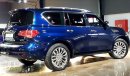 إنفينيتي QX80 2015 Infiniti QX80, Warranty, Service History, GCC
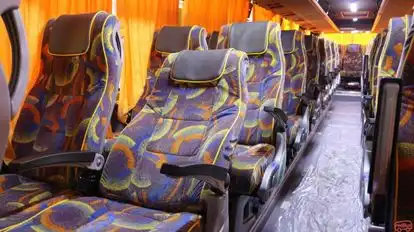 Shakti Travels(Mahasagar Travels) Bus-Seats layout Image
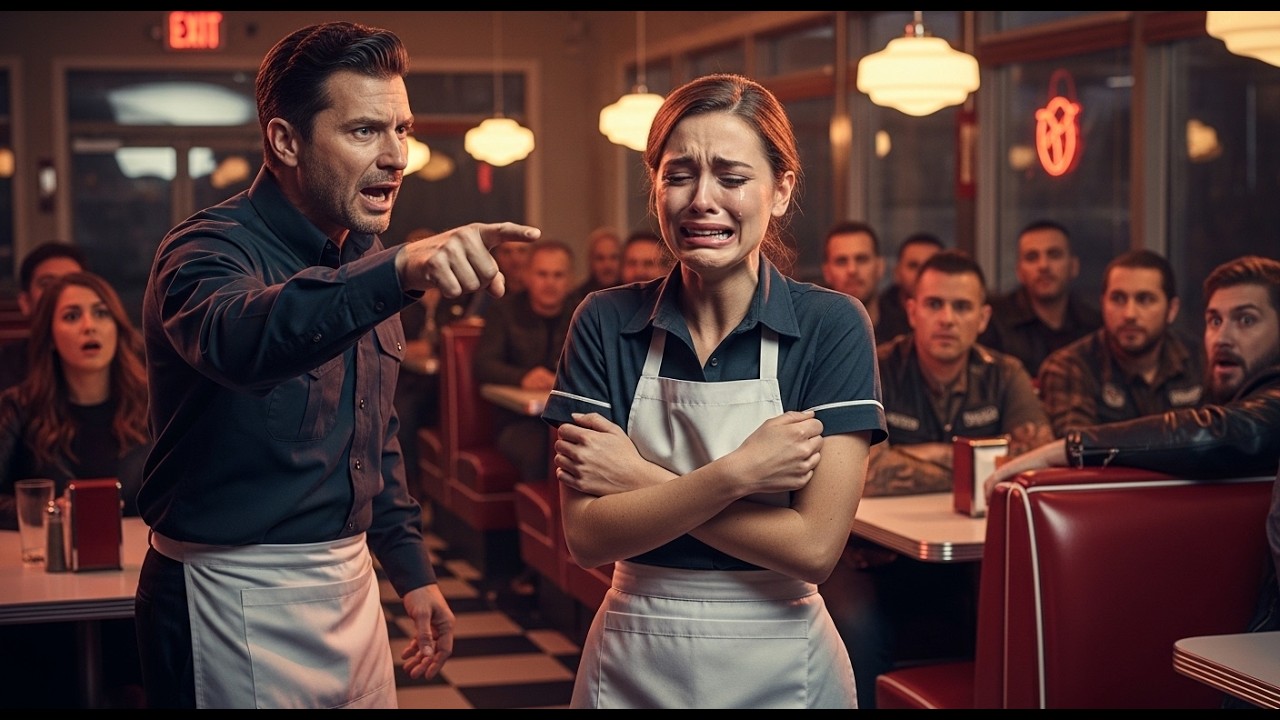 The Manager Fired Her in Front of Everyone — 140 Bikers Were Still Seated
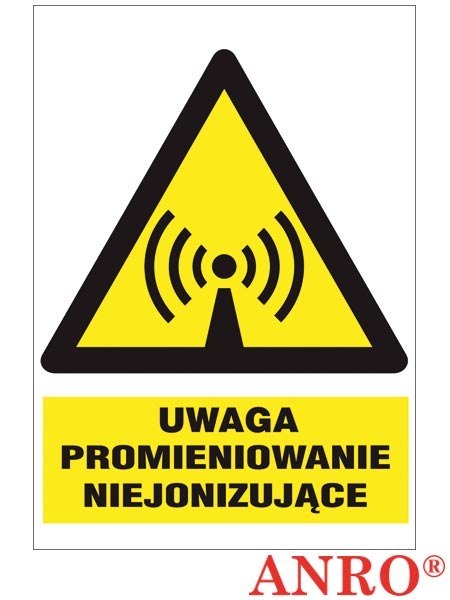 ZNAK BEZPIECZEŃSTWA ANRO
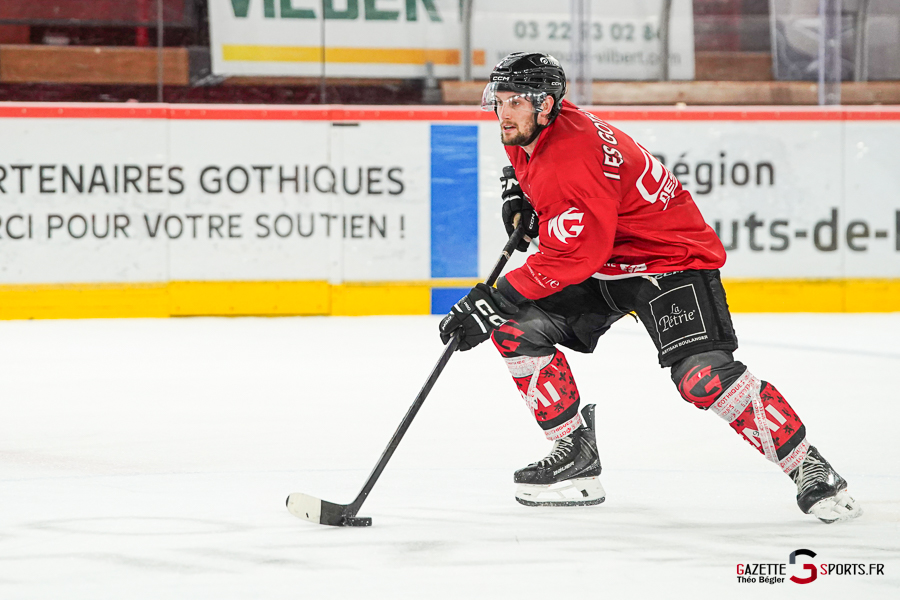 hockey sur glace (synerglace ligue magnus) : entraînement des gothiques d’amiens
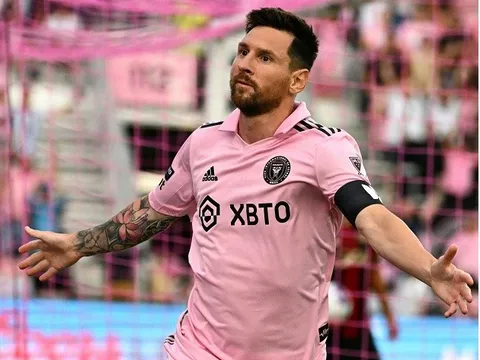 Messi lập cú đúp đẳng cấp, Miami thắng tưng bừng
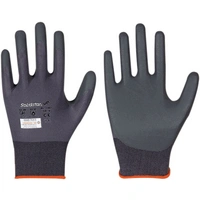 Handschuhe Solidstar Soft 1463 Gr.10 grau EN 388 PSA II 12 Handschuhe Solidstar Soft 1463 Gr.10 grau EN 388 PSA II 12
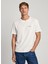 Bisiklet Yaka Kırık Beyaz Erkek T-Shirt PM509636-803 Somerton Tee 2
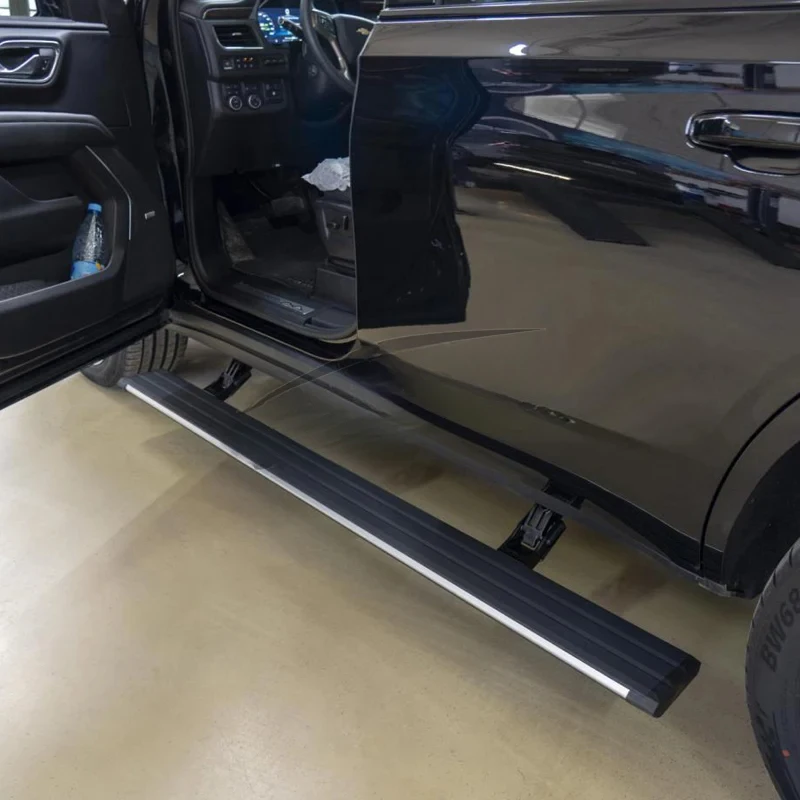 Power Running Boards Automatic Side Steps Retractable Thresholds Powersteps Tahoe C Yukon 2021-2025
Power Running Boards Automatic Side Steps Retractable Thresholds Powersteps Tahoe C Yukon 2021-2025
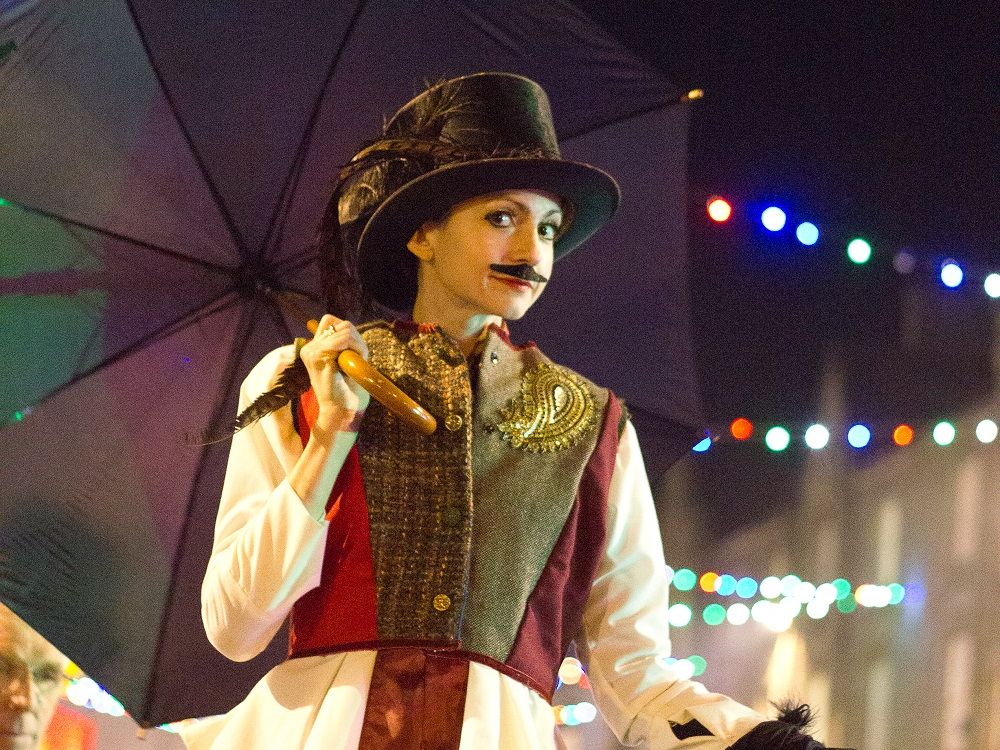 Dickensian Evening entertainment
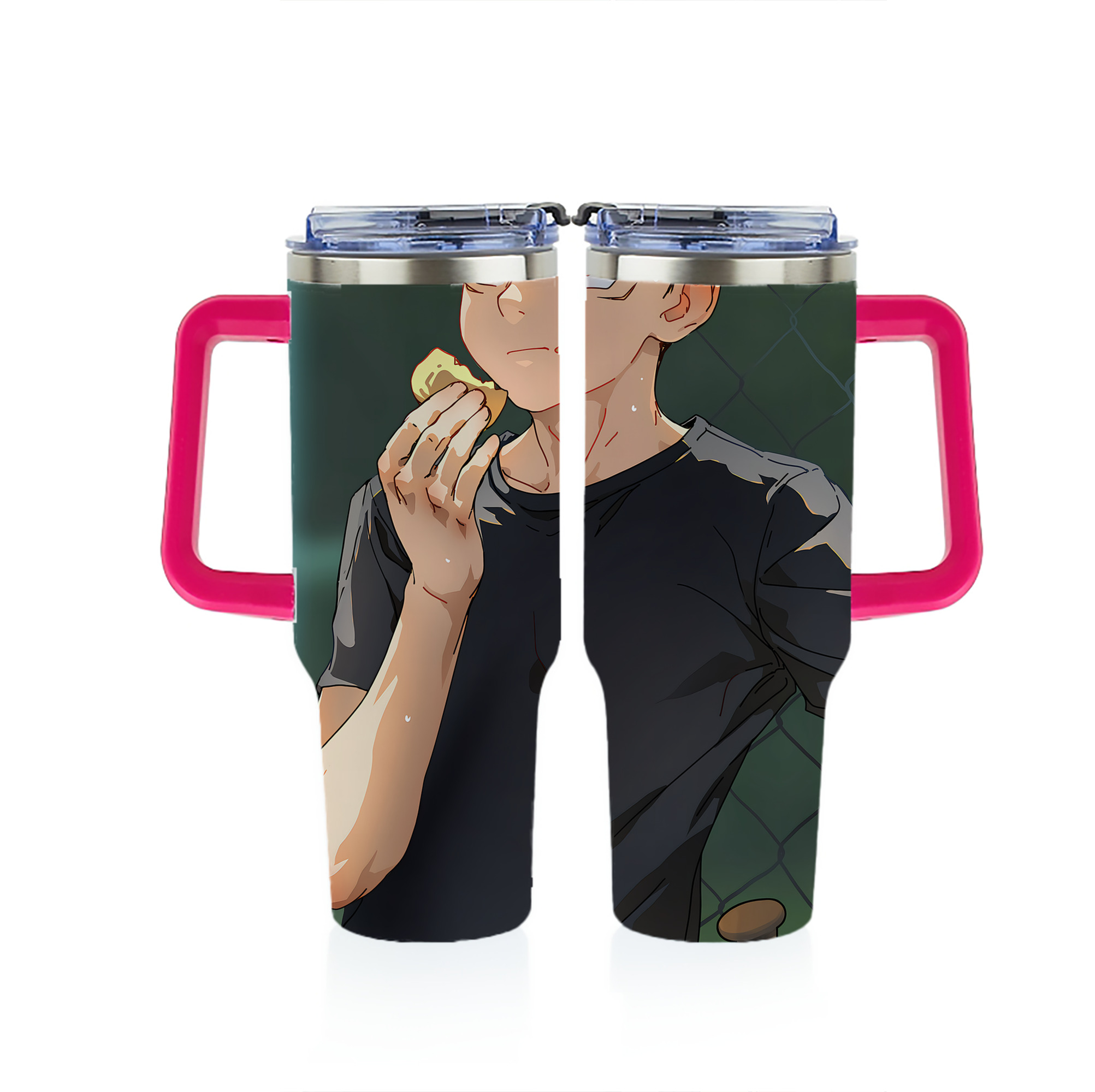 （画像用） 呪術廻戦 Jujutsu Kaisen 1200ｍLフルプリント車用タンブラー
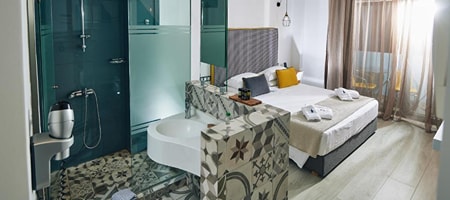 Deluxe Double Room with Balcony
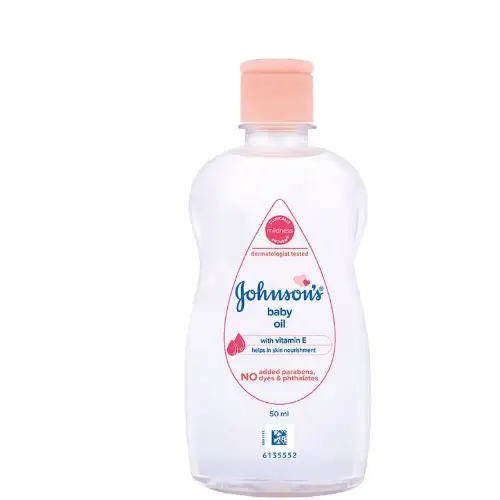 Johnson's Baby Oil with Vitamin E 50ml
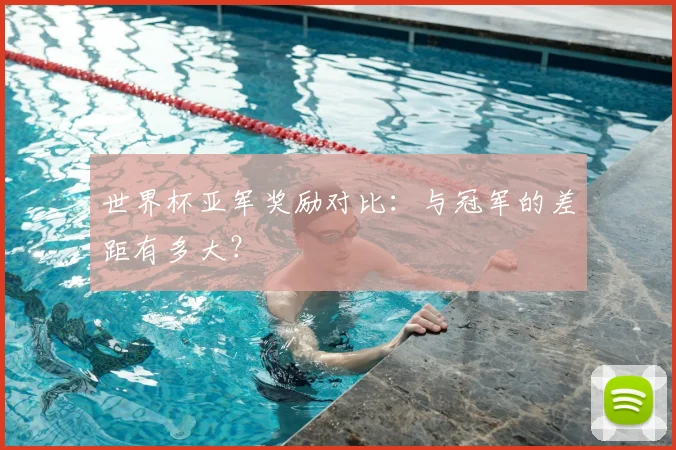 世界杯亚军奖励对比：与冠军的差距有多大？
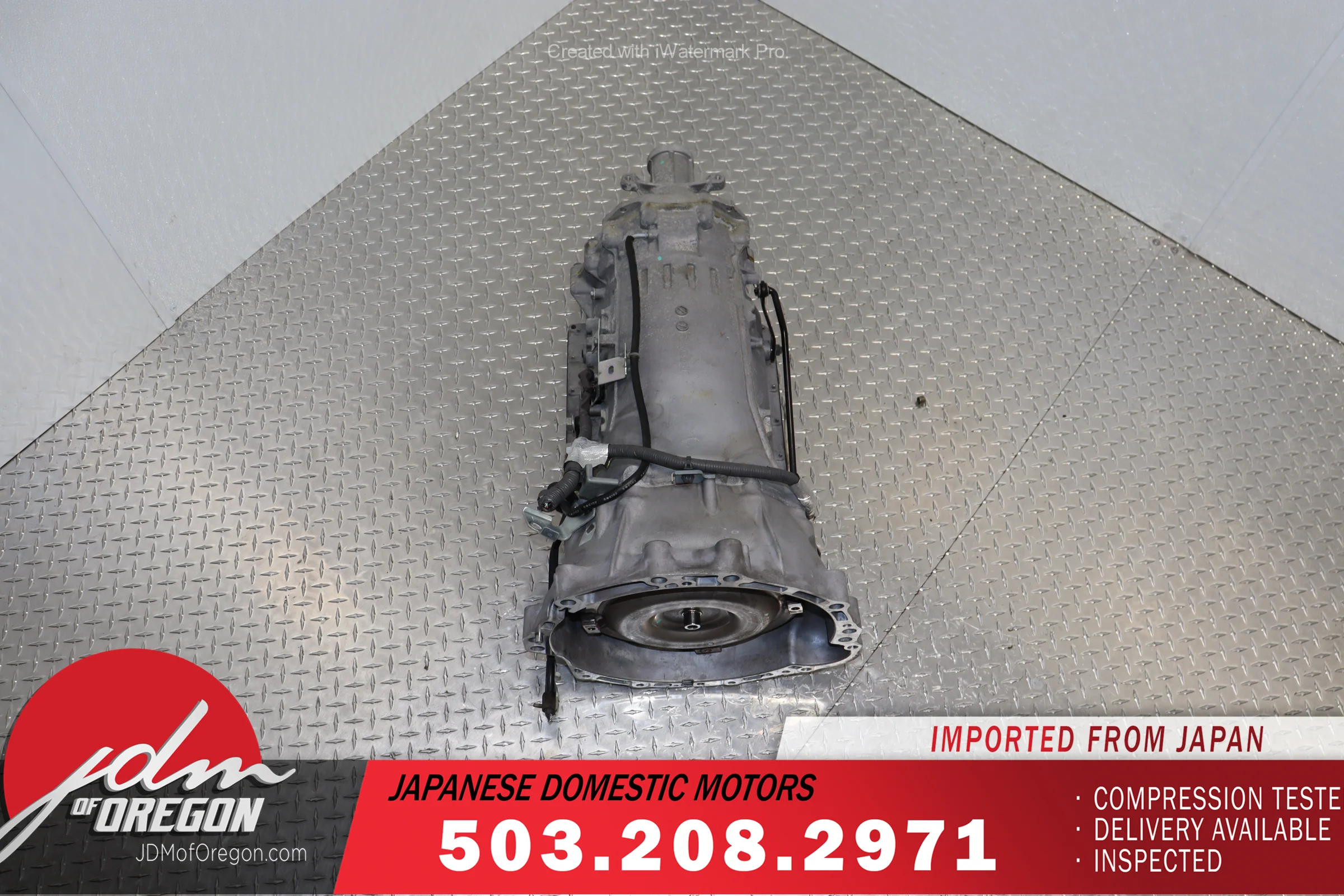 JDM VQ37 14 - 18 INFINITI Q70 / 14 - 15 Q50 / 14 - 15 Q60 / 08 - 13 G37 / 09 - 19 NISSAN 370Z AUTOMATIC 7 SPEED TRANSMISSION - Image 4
——————
**Work request**. Transcribe every entry exactly, omitting pictures.

**Expected answer**.
 إنفينيتي QX80 2015 Infiniti QX80, Warranty, Service History, GCC
 Shakti Travels(Mahasagar Travels) Bus-Seats layout Image
 The Manager Fired Her in Front of Everyone — 140 Bikers Were Still Seated
 ZNAK BEZPIECZEŃSTWA ANRO
 hockey sur glace (synerglace ligue magnus) : entraînement des gothiques d’amiens
 Messi lập cú đúp đẳng cấp, Miami thắng tưng bừng
 Handschuhe Solidstar Soft 1463 Gr.10 grau EN 388 PSA II 12 Handschuhe Solidstar Soft 1463 Gr.10 grau EN 388 PSA II 12
 Bisiklet Yaka Kırık Beyaz Erkek T-Shirt PM509636-803 Somerton Tee 2
 Power Running Boards Automatic Side Steps Retractable Thresholds Powersteps Tahoe C Yukon 2021-2025
Power Running Boards Automatic Side Steps Retractable Thresholds Powersteps Tahoe C Yukon 2021-2025
 Dickensian Evening entertainment
 （画像用） 呪術廻戦 Jujutsu Kaisen 1200ｍLフルプリント車用タンブラー
 Deluxe Double Room with Balcony
 Johnson's Baby Oil with Vitamin E 50ml
 世界杯亚军奖励对比：与冠军的差距有多大？
 JDM VQ37 14 - 18 INFINITI Q70 / 14 - 15 Q50 / 14 - 15 Q60 / 08 - 13 G37 / 09 - 19 NISSAN 370Z AUTOMATIC 7 SPEED TRANSMISSION - Image 4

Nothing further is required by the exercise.